According to a fourth aspect of the present invention, in the thermal power control valve for a gas appliance according to the third aspect, the ignition interlocking means comprises:
When an ignition hole is actuated by activating the ignition means with an engagement hole provided in the lever and one end entering the engagement hole, the amount of gas supplied to the burner by pushing the inner surface of the engagement hole increases. The present invention is a valve for adjusting the thermal power of a gas appliance, which is constituted by a lever cam which operates in a direction in which the lever operates.

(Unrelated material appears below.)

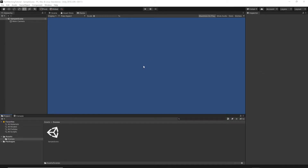Welcome to the second episode. In today's episode we will create our project, import all of the game assets and create the main menu scene.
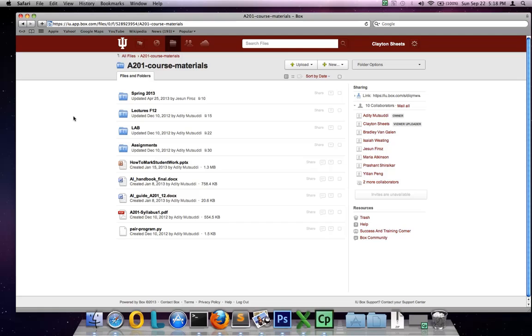So if you haven't heard of IU Anywhere, an IU service that allows you to stream applications such as Photoshop or Visual Studio, you should definitely check it out. It's a very cool service to run through IU.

According to a fifth aspect of the present invention, in any one of the thermal power control valves for gas appliances described in the first to fourth aspects,
A plurality of gas supply holes are provided and communicate with each of a plurality of burners constituting the combustion section. A number of valve holes are provided corresponding to the plurality of gas supply holes, and the rotary valve is rotated. A thermal power control valve for a gas appliance, which is provided so as to communicate with each of the plurality of gas supply holes at a predetermined position.

According to a sixth aspect of the present invention, in any one of the thermal power control valves for a gas appliance according to the fifth aspect, the plurality of valve grooves have different lengths in the extending direction. This is an adjustment valve.

According to a seventh aspect of the present invention, there is provided the gas appliance according to any one of the sixth and seventh aspects, wherein a change amount of a cross-sectional area of the plurality of valve grooves is different. This is a thermal power control valve.

[0012]

BEST MODE FOR CARRYING OUT THE INVENTION Hereinafter, a valve 1 for adjusting a thermal power of a gas appliance according to an embodiment of the present invention will be described. The thermal power control valve 1 controls the thermal power of the double burner 10 as a combustion unit shown in FIG. Double burner 10
Is composed of an inner ring burner 10a and an outer ring burner 10b. The inner ring burner 10a and the outer ring burner 10b are provided with a plurality of gas discharge ports 12 arranged in a ring shape.

Reference numeral 3 denotes a valve body, in which a first valve chamber 2 and a second valve chamber 4 are formed. The first valve chamber 2 and the second valve chamber 4 extend in the axial direction of the valve body 3 (hereinafter, referred to as AB direction), and communicate with each other through a communication hole 6. Further, a gas inlet 5 is formed in the valve body 3, and the gas inlet 5 communicates with the first valve chamber 2. One end of a supply pipe 7 is connected to the gas inlet 5, and gas is introduced into the first valve chamber 2 via the supply pipe 7.

An electromagnetic valve 11 is accommodated in the first valve chamber 2, and the electromagnetic valve 11 is provided with an access shaft 13.
A valve body 15 is attached to the access shaft 13.
Is pressed against the valve seat 19 by the coil spring 17. The electromagnetic valve 11 is provided with a temperature sensor 27, and this temperature sensor 27 is arranged so as to face the inner ring burner 10a. When the access shaft 13 is completely retracted and the temperature sensor 27 senses a temperature equal to or higher than a predetermined value, electricity is supplied to the access shaft 13, and the access shaft 13 is held in a state where the access shaft 13 is retracted by the magnet.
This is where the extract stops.